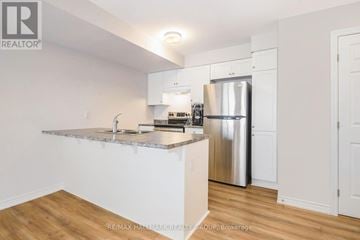Ottawa townhouse for rent - A kitchen with white cabinets and a granite countertop.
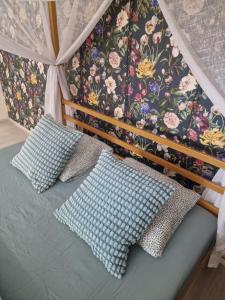 Bučovice的住宿－GLAM apartmán Bučovice，一张带枕头的床和花卉墙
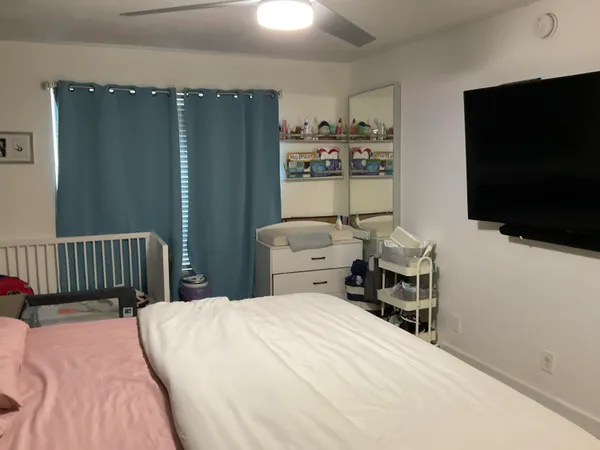 a bedroom with a bed and flat screen tv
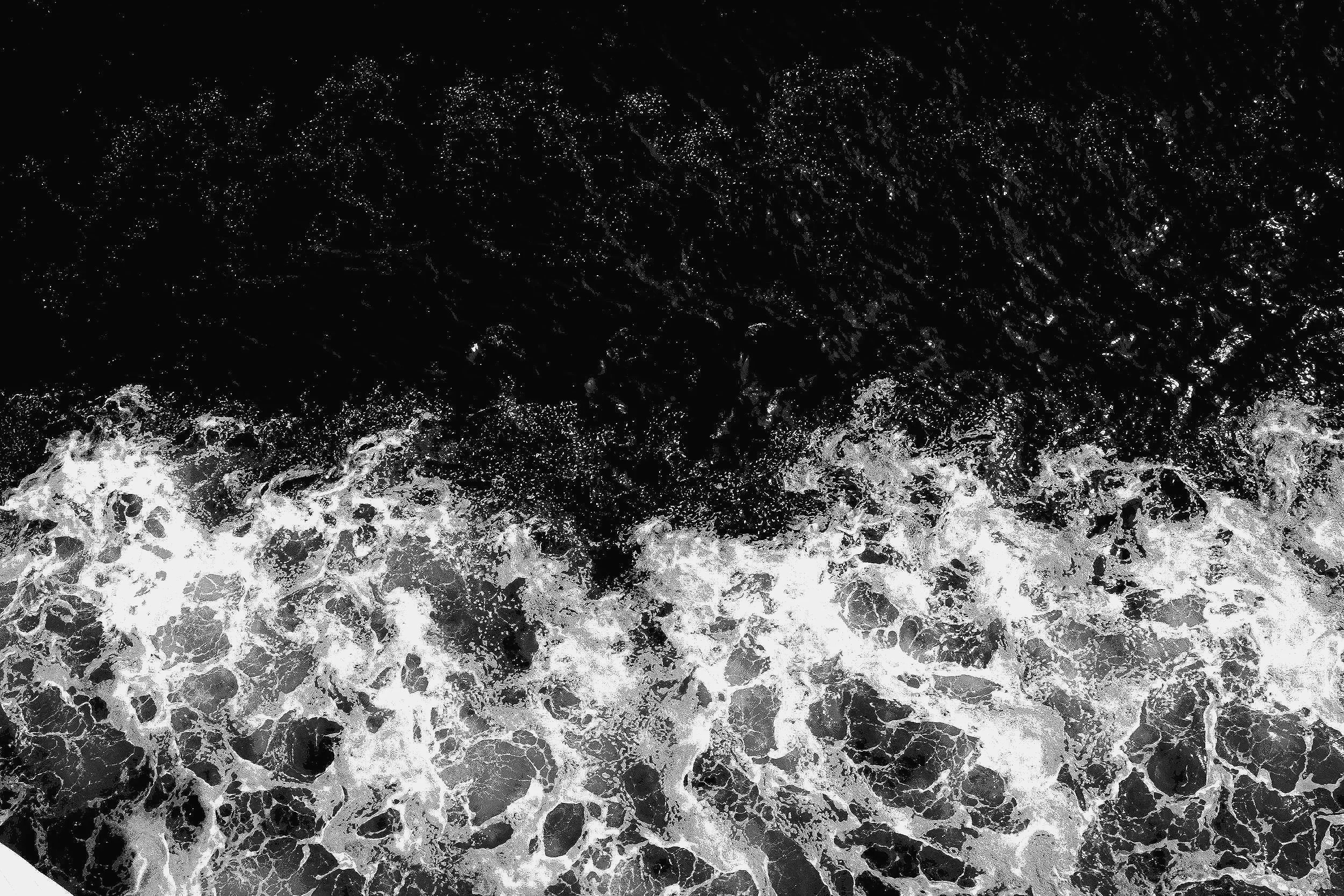 Black and white photograph of ocean waves crashing, with foam and bubbles visible in the water.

* * * * * * * * *

Make an exact copy of the listing above, omitting the pictures.

Ottawa townhouse for rent - A kitchen with white cabinets and a granite countertop.
 Bučovice的住宿－GLAM apartmán Bučovice，一张带枕头的床和花卉墙
 a bedroom with a bed and flat screen tv
 Black and white photograph of ocean waves crashing, with foam and bubbles visible in the water.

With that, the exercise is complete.